-- WHAT IS EXPECTED --
The output should be identical to the entries that follow.

======== GIVEN RECORDS ========

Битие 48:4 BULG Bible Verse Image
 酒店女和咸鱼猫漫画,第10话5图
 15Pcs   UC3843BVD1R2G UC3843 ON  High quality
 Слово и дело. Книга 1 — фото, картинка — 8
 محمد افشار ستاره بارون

========

-- EXERCISE OUTPUT --
Битие 48:4 BULG Bible Verse Image
 酒店女和咸鱼猫漫画,第10话5图
 15Pcs   UC3843BVD1R2G UC3843 ON  High quality
 Слово и дело. Книга 1 — фото, картинка — 8
 محمد افشار ستاره بارون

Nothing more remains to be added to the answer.